ーーあらゆることに主体的にチャレンジして、分析してきたからこそ今があるということですね。
土井:そうですね。最初から全部、人に教えてもらうとすぐに答えがわかっちゃうから、考える力が身につかないんです。だから、なにか問題にぶち当たったら、人に聞く前に自分でやってみて、ダメだったら人に聞くようにしています。
ーーTikTokの撮影や編集において、強く意識していることはありますか?
土井:その前の段階として、他の人の動画を見て「なんでこの人はバズってるんだろう」と分析することは多いです。細かい話をすると、どのタイミングで何秒から何秒まで音が流れる、とか、音が盛り上がるからオチになるような表現をしてるとか、そういった手法は常に研究するようにしていますね。
その研究があったうえで、3つのことを強く意識しています。1つ目は15秒しかないサービスなので、いかにわかりやすくするかということ。2つ目はカメラの質や自分の演技、写角といった映像面でのクオリティ。そして、3つ目はオリジナリティ。TikTokはトレンドがわかりやすいが移り変わりも早いので、みんなが同じことを一気にやりがちなんです。なので、トレンドには乗っかるけれど、自分の色を付け加えてアレンジして、自分のものにすることを意識しています。そうすればオリジナリティが生まれるわけです。もちろん0からつくることもありますが、meme(ミーム)を取り入れつつ、アレンジしてオリジナリティを生み出すことが、一番見てくれる方を飽きさせないことに繋がると考えています。

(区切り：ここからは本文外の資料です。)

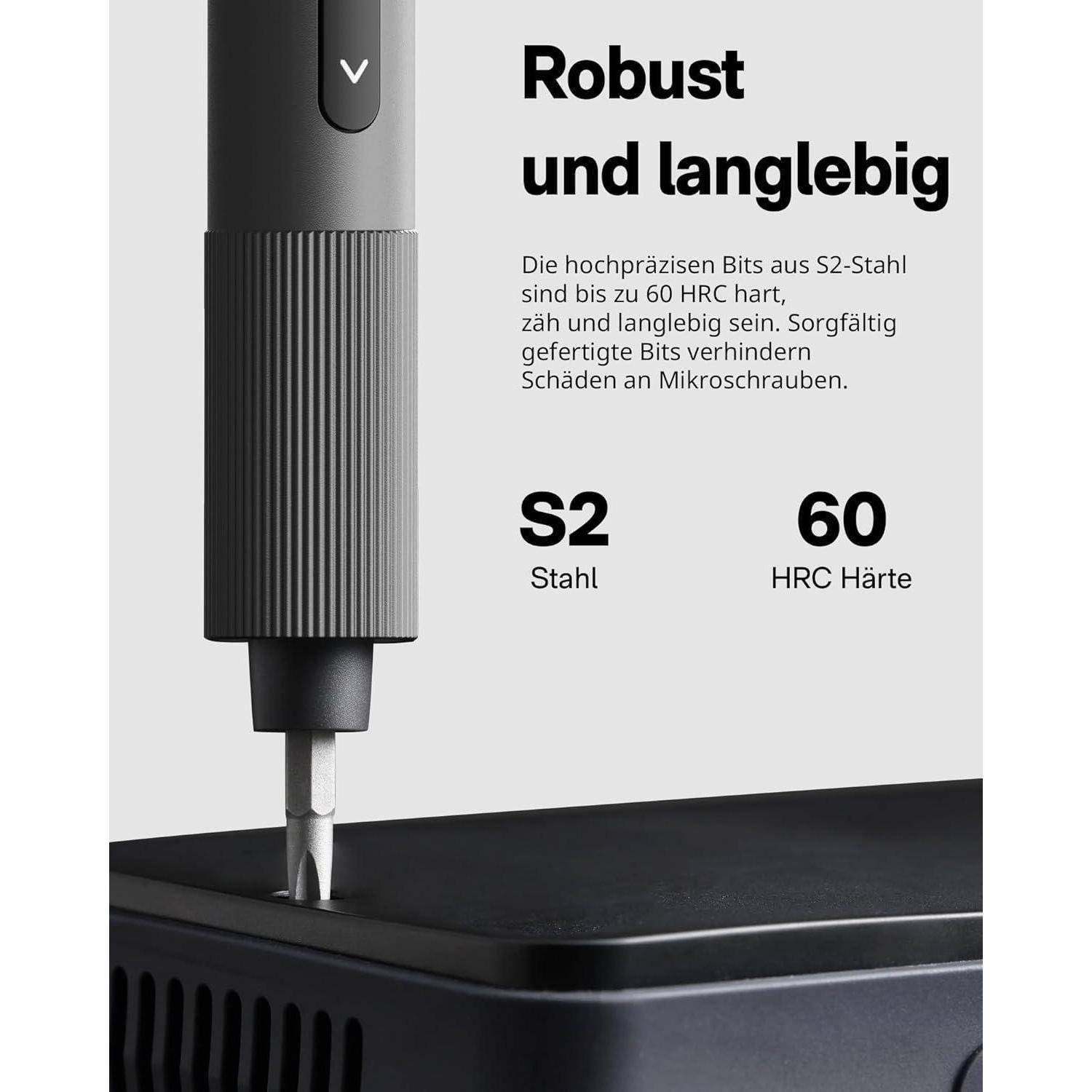 Ein Schraubendreher wird in ein Gerät eingeführt. Text rechts: 'Robust und langlebig', 'S2 Stahl', '60 HRC Härte', die Werkzeugeigenschaften beschreibend.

さらに、照明にもこだわるようにしています。明るい方がもちろんいいんですが、悲しい表現をしたいときは部屋を暗くして顔に影ができるような場所に照明を置くとか、この表現をするときはどの角度から撮影するのがベストなのかとか全部考えます。最近テレビを見ていても、字幕がどんな色でどんなアニメーションを使っているのか、どんな効果音を使っているのかと、制作側の視点で考えてしまいます(笑)。